> [Work required] Where the lines below hold images, skip those and copy every word exactly.

> [Data]
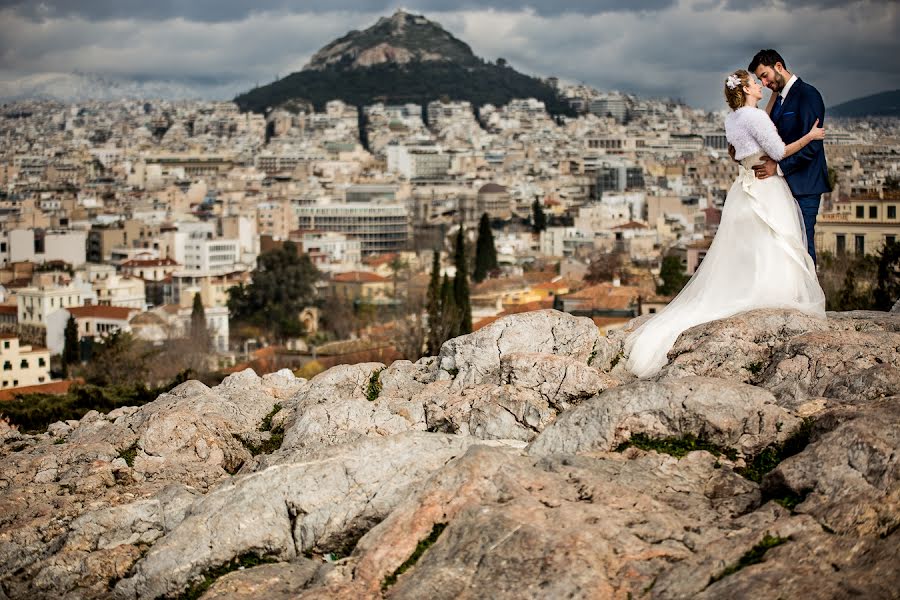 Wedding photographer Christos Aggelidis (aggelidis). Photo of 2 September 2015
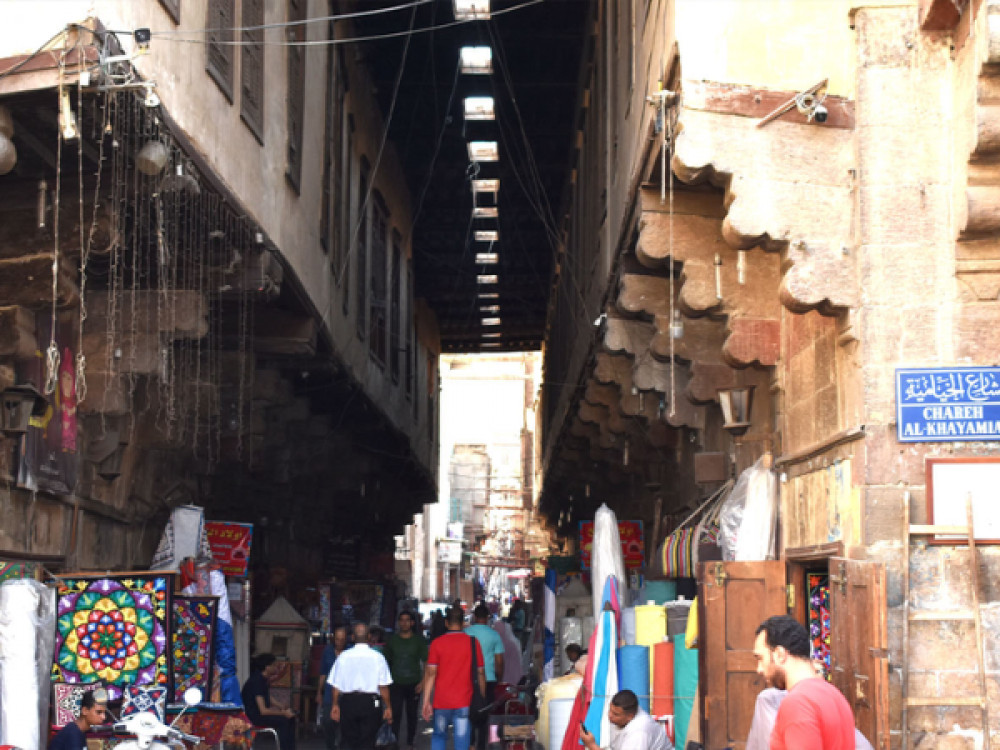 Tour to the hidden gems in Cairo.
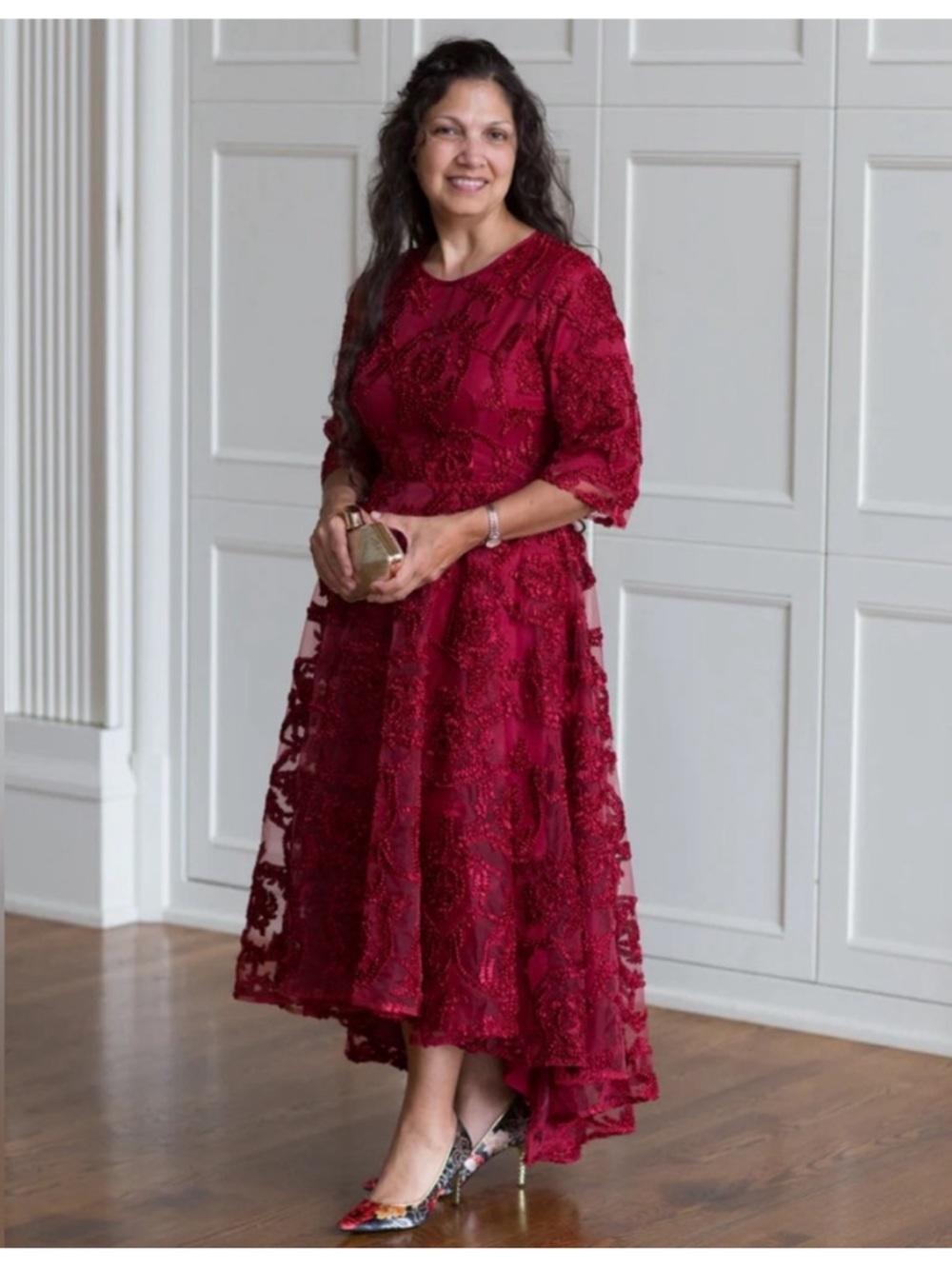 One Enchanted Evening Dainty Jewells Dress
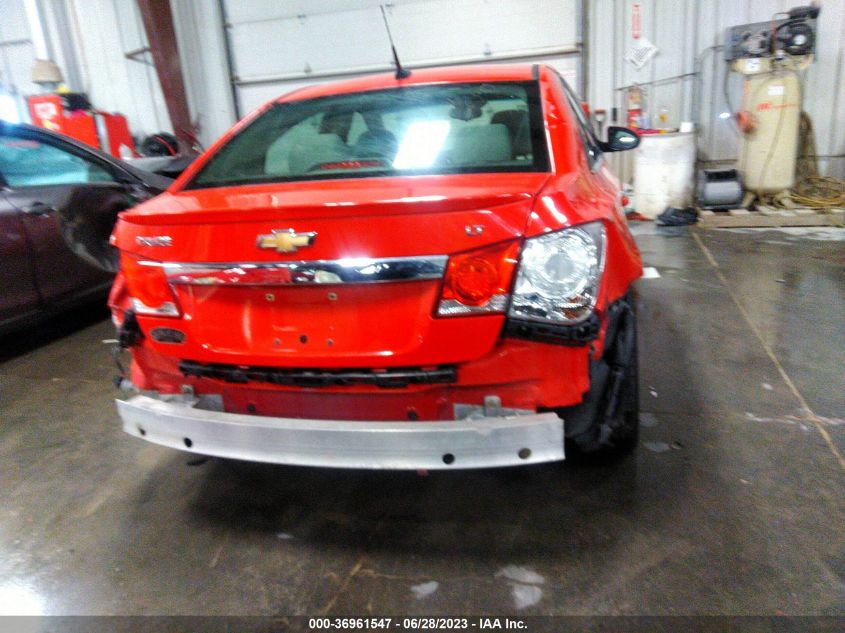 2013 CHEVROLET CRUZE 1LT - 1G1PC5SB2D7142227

> [The completed task]
 Wedding photographer Christos Aggelidis (aggelidis). Photo of 2 September 2015
 Tour to the hidden gems in Cairo.
 One Enchanted Evening Dainty Jewells Dress
 2013 CHEVROLET CRUZE 1LT - 1G1PC5SB2D7142227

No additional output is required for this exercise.